Wybitny, poruszający tekst, w którym autor przypominając całkiem niezły film Oliviera Stone’a "Wall Street" konstatuje z goryczą, że mantra powtarzana przez głównego bohatera filmu biznesmena Gekko – chciwość jest dobra"stała się wkrótce ulubionym powiedzeniem Wielkich Kutasów z Nowego Jorku i Londynu – Panów Wszechświata". 

No cóż, jak to się czasami mówi - "apetyt rośnie w miarę jedzenia", tym bardziej, gdy oferta frykasów jest nader obfita i szeroka, a nas stać praktycznie na wszystko. Na takiej właśnie przypadłości ludzkiego charakteru zrobił furorę tzw. liberalizm w minionych 2-3 dekadach. Niwelowane stopniowo i skutecznie wszelkie bariery i ograniczenia utorowały drogę hasłu "bogaćmy się", w domyśle - tak, jak tylko potraficie. W USA ten proces "deregulacji" zaczął się jeszcze za czasów prezydentury Ronalda Reagana i początkowo przyniósł nawet korzyści chociażby w walce z bezrobociem (dobrze napisałem: w walce, bo na Zachodzie z bezrobociem się walczy).

Z tymi coraz bardziej modnymi trendami ekonomicznymi, doskonale współgrały przeróżne kretyńskie i libertyńskie nawoływania z gatunku "rópta co chceta", które miały obalić wszystkie moralne hamulce i staroświeckie poglądy zacofanego ciemnogrodu. Gdy dla dopełnienia tego obrazu dodamy jeszcze różne "lokalne koloryty" w zależności od geograficznej szerokości, będziemy mieli pełen obraz świata przełomu wieków jak na dłoni ;-)

Jednak tak to jest jakoś w przyrodzie urządzone, że nie wszystkim była dana możliwość wprowadzenia w życie hasła zachęcającego do bogacenia się, gdyż zawsze jakoś tak wychodziło, że jeden bogacił się szybciej od drugiego i to najczęściej kosztem innych. Już dobre 15 lat temu statystyki amerykańskie zaczęły odnotowywać stale pogłębiającą się różnicę między stanem materialnym ludzi bogatych i tych mniej materialnie zasobnych. Pozostający w stale kurczącej się mniejszości ludzie bogaci, stawali się jeszcze bardziej, wprost niewiarygodnie bogaci, przy jednoczesnym i nieustannym wzroście liczebności ludzi ubogich, jeszcze bardziej ubogich i coraz bardziej biednych. 
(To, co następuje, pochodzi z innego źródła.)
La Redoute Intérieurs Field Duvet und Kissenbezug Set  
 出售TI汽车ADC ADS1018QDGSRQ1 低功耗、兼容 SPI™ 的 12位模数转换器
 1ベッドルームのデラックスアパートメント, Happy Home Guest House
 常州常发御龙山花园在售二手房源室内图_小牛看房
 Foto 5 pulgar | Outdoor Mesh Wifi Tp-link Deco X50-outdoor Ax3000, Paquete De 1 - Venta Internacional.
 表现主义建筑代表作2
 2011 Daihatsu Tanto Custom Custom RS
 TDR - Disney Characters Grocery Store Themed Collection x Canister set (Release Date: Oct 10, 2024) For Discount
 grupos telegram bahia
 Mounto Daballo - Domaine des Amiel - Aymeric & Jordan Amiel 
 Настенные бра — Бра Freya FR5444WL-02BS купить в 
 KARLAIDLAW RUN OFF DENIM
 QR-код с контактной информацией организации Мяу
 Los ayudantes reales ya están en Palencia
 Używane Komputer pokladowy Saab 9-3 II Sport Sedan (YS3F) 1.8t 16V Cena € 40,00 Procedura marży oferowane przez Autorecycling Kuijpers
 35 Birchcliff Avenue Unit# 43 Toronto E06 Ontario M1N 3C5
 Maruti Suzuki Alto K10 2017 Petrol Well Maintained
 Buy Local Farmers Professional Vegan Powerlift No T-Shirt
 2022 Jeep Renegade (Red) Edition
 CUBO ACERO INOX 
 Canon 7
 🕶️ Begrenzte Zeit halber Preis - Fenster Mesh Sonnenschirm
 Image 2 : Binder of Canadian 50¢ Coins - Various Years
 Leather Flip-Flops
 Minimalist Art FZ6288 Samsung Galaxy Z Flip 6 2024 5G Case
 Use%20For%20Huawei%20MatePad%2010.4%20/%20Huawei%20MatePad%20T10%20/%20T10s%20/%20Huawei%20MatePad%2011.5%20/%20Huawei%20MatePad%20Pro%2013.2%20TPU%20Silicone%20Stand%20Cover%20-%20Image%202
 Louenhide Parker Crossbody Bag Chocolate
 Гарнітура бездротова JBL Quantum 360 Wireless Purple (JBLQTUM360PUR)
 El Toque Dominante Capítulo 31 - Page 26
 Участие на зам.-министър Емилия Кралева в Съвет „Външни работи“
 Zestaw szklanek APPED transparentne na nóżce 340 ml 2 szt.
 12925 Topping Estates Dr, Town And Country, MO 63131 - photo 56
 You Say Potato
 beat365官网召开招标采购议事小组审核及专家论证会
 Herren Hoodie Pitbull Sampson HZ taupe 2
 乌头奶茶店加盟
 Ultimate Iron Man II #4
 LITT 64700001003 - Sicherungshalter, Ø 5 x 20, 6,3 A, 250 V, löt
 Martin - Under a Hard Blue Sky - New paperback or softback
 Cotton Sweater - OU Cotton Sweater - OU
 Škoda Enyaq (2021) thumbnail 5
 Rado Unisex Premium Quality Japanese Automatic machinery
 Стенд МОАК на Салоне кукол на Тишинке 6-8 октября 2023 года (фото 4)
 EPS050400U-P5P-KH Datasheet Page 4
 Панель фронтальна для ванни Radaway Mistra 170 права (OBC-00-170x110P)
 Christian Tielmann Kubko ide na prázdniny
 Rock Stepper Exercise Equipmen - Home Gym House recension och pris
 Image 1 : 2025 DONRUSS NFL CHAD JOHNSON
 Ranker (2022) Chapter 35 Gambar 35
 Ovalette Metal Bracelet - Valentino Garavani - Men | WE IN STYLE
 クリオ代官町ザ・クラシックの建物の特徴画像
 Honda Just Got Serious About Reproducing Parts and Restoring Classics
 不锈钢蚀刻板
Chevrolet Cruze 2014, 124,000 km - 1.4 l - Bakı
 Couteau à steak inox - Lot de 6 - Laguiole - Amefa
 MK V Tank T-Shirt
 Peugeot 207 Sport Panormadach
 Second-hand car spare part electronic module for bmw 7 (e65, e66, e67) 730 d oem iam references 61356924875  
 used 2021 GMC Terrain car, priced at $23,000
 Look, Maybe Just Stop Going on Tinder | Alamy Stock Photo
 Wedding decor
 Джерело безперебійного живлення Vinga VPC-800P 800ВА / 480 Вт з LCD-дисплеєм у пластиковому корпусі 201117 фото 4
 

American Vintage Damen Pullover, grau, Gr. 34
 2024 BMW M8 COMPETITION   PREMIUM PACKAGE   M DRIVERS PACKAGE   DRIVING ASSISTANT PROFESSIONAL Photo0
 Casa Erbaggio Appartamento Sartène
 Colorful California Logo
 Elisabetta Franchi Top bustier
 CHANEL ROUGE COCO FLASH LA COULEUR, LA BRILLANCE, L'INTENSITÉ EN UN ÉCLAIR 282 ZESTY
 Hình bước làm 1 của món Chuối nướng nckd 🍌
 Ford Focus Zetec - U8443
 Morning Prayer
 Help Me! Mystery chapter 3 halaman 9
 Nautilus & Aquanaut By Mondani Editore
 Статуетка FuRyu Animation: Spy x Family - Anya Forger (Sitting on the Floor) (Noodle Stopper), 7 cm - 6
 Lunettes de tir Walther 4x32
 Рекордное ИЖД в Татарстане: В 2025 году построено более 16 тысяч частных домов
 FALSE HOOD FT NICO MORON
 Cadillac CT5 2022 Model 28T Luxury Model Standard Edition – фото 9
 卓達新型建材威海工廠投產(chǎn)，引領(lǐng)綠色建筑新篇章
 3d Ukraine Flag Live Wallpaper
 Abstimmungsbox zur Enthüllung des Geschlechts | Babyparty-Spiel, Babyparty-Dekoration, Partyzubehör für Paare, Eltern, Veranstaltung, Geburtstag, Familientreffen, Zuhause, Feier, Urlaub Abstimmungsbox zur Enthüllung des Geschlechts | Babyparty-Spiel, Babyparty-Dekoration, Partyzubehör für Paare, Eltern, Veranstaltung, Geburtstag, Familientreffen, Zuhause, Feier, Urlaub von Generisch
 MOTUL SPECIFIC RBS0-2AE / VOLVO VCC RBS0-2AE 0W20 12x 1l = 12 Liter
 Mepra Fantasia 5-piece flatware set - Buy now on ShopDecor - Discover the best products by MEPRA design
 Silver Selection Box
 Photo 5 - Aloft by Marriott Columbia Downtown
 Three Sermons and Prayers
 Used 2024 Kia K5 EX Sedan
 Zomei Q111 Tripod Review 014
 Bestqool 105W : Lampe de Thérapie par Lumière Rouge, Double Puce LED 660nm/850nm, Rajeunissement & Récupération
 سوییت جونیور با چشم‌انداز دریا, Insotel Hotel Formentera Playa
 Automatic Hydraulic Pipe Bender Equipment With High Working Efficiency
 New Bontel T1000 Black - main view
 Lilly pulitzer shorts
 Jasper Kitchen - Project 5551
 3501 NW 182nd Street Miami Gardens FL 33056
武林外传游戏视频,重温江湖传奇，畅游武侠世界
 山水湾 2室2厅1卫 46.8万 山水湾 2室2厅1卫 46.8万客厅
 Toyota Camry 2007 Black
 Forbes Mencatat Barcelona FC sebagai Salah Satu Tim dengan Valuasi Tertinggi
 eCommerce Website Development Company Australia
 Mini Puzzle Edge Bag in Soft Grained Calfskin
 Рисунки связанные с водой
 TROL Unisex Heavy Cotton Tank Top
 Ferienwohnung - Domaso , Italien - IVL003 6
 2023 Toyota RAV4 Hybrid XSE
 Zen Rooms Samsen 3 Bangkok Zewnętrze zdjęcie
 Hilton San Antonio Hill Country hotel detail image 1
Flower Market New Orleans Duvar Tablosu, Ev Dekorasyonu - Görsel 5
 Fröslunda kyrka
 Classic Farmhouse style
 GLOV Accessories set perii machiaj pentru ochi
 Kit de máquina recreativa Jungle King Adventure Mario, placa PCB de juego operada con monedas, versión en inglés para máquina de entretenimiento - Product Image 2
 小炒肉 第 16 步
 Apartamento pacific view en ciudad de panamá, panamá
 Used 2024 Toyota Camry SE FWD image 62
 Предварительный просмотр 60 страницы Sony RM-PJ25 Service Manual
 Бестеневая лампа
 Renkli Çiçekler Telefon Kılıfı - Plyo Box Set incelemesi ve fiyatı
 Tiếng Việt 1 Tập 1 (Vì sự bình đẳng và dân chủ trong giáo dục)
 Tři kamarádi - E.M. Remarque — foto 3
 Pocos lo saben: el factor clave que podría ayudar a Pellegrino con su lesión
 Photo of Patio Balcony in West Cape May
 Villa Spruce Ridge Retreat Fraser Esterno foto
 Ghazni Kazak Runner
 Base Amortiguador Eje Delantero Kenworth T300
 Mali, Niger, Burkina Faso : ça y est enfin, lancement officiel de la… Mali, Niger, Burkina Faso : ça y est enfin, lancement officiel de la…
Nikt oczywiście nie traktował poważnie rozsądnych głosów przewidujących taki właśnie, na dłuższą metę negatywny obrót spraw. Ba, nawet nikt nie zwrócił uwagi na wypowiedzi guru liberalizmu Miltona Friedmana, który w ostatnich latach przed śmiercią z coraz większym przekonaniem i emfazą pisał, że jego teoria się nie sprawdza i już teraz widzi jak bardzo się mylił. Furda tam Milton, gdy tymczasem namnożyło się Miltonów tysiące, a nawet miliony licząc tych "piękny, młodych i już bogatych", którzy do roli prawdziwych bogaczy dopiero pretendowali, z wielkim zapałem pobierając nauki od Miltonów mniejszych, acz wyjątkowo aktywnych. Rzecz jasna również u nas w ubogim i zdewastowanym przez komunizm kraju nad Wisłą tych nauczających i pouczających Miltonów mniejszych nie mogło zabraknąć. No masz, to oczywiste, tym bardziej, że właśnie padł był komunizm obiecujący wszystkim raj na ziemi.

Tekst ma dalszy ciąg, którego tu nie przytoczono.